A Beatle has come out for Brexit, although it seems that previously Ringo Starr claimed to have voted for it and now says he would have voted for it only he lives in Los Angeles these days. Perhaps he got confused. To paraphrase the saying about the happenings of the 1960s and mind-bending drugs: if you can remember the Brexit referendum you weren’t really there.

But one thing no-one should be confused about is Ringo Starr’s status as a great drummer in the pop and rock field. Inevitably, because he dared to open his trap on Brexit the old mockery has surfaced about his competence as a player. Old myths resurface. He wasn’t even the best drummer in the Beatles, said John Lennon. No, Lennon didn’t say that. The comedian Jasper Carrot did as a joke.

Incidentally, the Beatles would not have gelled fully without Ringo. In the gang all the others had grudges to varying degrees against each other. Paul always wanted to impress John. George deeply resented Paul being patronising. John coveted his status as leader of the gang and was thrown when Macca overtook him at various points creatively. But every one of the three simply loved Ringo, not just because of his loveable persona but for his drumming too, because it was as Lennon and McCartney used to say always there, right on the money, appropriate, simple, unpretentious, inventive. Later, in the early 1970s, through drink, drugs, bad records and hanging out with Keith Moon in LA Ringo became a bit of a twit, but he calmed down again later after drying out.

Thinking Ringo in the Beatles was a bad drummer is one of the surefire signs that a person does not know about music. It is almost as much of a giveaway as mocking the Beach Boys and thinking they were all about surfing, rather than Surf’s Up and Pet Sounds, or preferring the dire Guns and Roses to the far superior Stone Roses at their 1989-1990 peak.

Anyway, of course Ringo was not “great” in the highly technical complex manner of the best jazz drummers such as Jo Jones, Tony Williams with Miles Davis, or Max Roach, blending their intricate patterns and making it swing. The Beatles were pop and rock music made, initially at least, to be consumed on transistor radio or on a tinny Dansette record player in short bursts. Their three minute music thus needed to be propelled by something solid that held it together. Ringo did that. As the band developed, Ringo developed in tandem with George Martin (who came up with new ways of miking the drums) and got better and better with each album, until on the farewell Abbey Road he has invented the modern drum sound.

Anyway, here are five bits of evidence of the underrated Ringo’s complete brilliance as a drummer.

1) A Day in the Life. The drum fills are as good as anything ever recorded at Abbey Road. The sweep of that song, its eerie atmosphere, is in part down to what Ringo does backing Lennon.

2) Tomorrow Never Knows, from Revolver. Just listen to it and try telling me the drummer doesn’t know what he’s doing.

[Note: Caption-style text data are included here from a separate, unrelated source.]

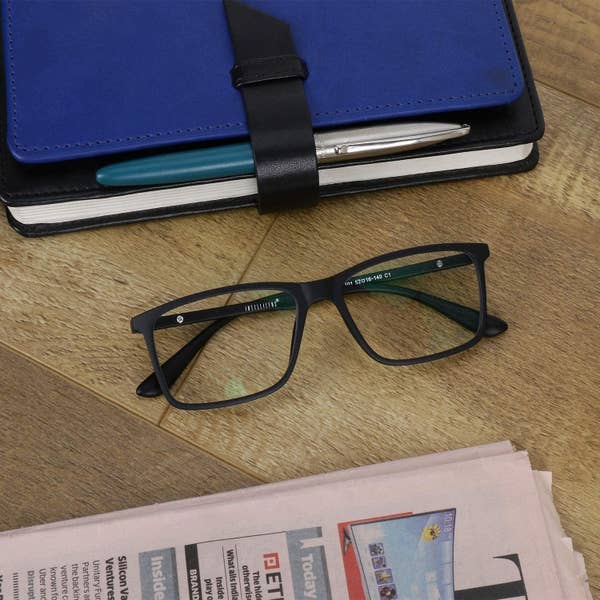 A pair of blue light blocking glasses on a table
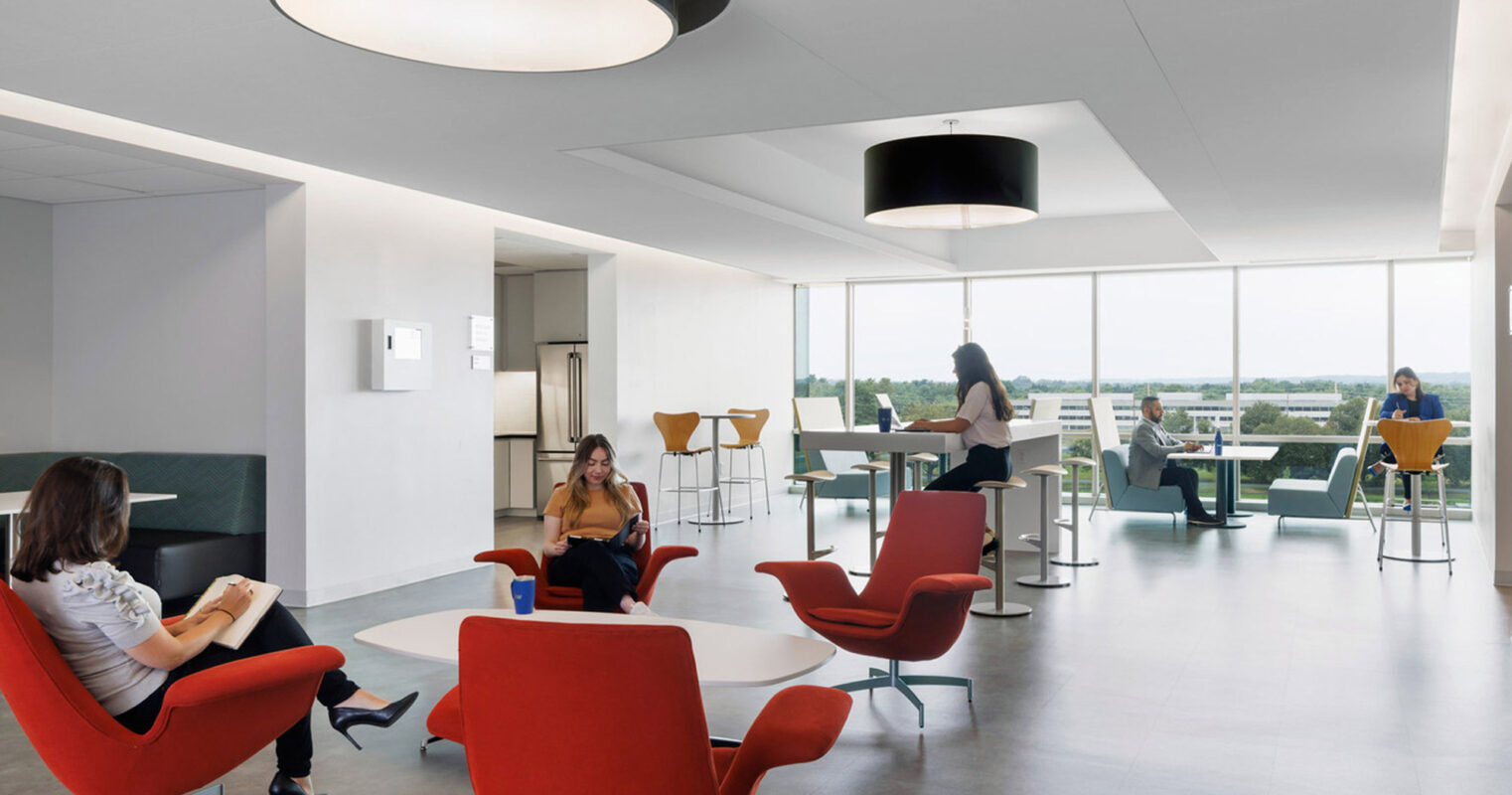 Open-plan office lounge with red armchairs centered around low coffee tables. The space is illuminated by oversized black pendant lighting and expansive windows providing abundant natural light. Neutral floors and walls emphasize the bold furniture color. Individuals are seated variously, engaging in work and conversation.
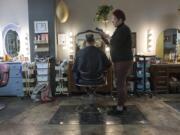 One of the perks of being an independent hairstylist is getting to pick your clients. Shelby Oxley cuts the hair of her husband, Barry Oxley, at the station she rents in Marquee Salon + Studio.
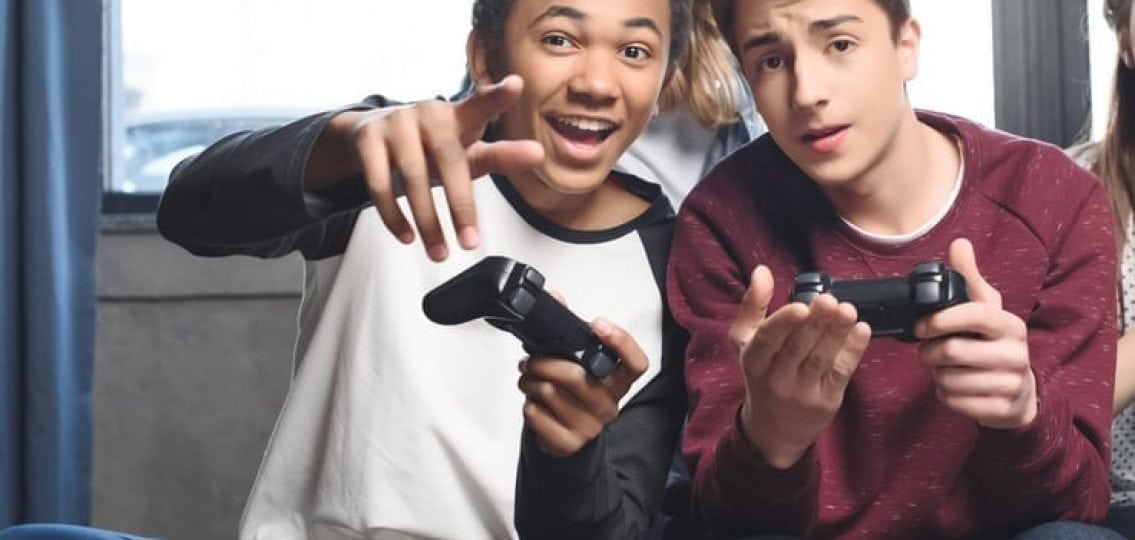 Teens playing video games.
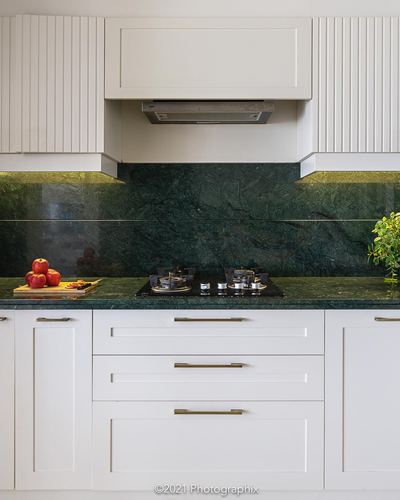 White fluted-panel kitchen with green stone backsplash, gas hob, chimney hood, and brass handles
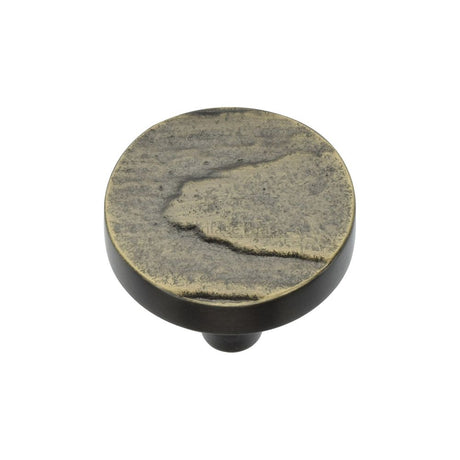 This is an image of a Heritage Brass - Cabinet Knob Round Pine Design 32mm Aged Brass Finish, c3697-32-ab that is available to order from T.H Wiggans Ironmongery in Kendal.
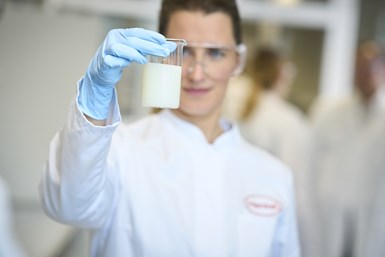 Image of woman blurred in background wearing lab coat and holding lab beaker with cloudy white substance in it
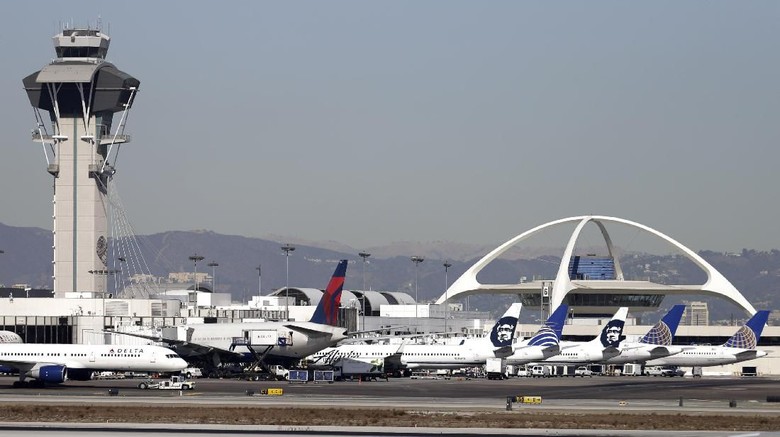 FILE - In this Nov. 1, 2013 file photo airplanes sit on the tarmac at Los Angeles International Airport. A Philippine Airlines jet with flames spurting from one engine has returned safely to Los Angeles International Airport shortly after takeoff. Ian Gregor of the Federal Aviation Administration says Flight 113, a Boeing 777 bound for Manila, reported a problem with the right engine after takeoff Thursday, Nov. 21, 2019. It turned around and landed safely at about noon. (AP Photo/Gregory Bull,File)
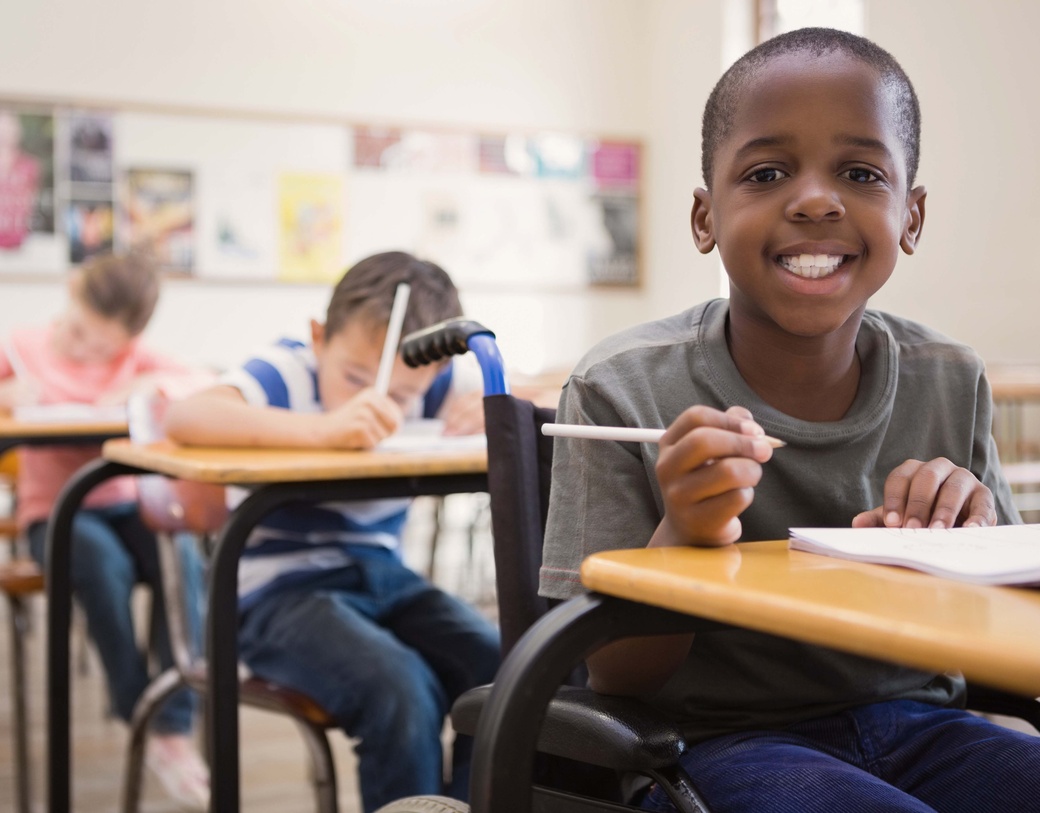 Child sitting at desk, smiling, other children at desks in background. 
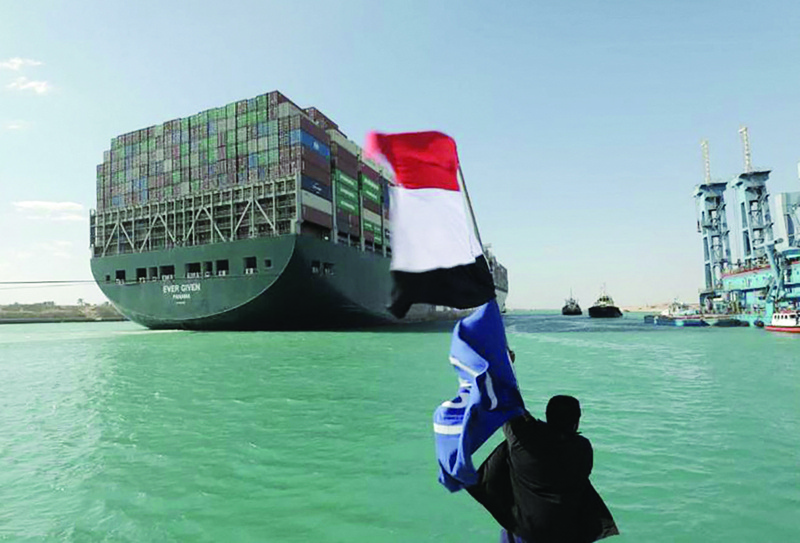 ISMAILIA, Egypt: A man waves the Egyptian flag after Panama-flagged MV 'Ever Given' container ship was fully dislodged from the banks of the Suez Canal on March 29, 2021. - AFP n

3) Come Together. If you want to hear this at its best have a listen to the section covering this song on the BBC’s Record Producers series if you can find it online. Here is the invention of the “fat” modern drum sound, with a rich, punchy bass drum. The interplay with McCartney’s bass is delicious.

4) Twist and Shout. All the focus tends to be on Lennon’s blistering vocal – delivered in the first and only complete take at the end of the session for their first album – but it is the most extraordinary team performance. They absolutely nail this cover version. The enthusiasm and excitement of youngsters knowing they have become extremely good is palpable. But at any point the track could have broken down (they were tired and Lennon had a cold) and a moment of magic would have drifted away on the air as a lost classic. Again, Ringo holds it together and makes it work.

5) Back in the USSR. Joke. Paul played drums here, with John overdubbing snare, because Ringo had briefly resigned from the Beatles in 1968, sick of their growing egomania.

So, Ringo in the Beatles was a great drummer. Also right about Brexit too.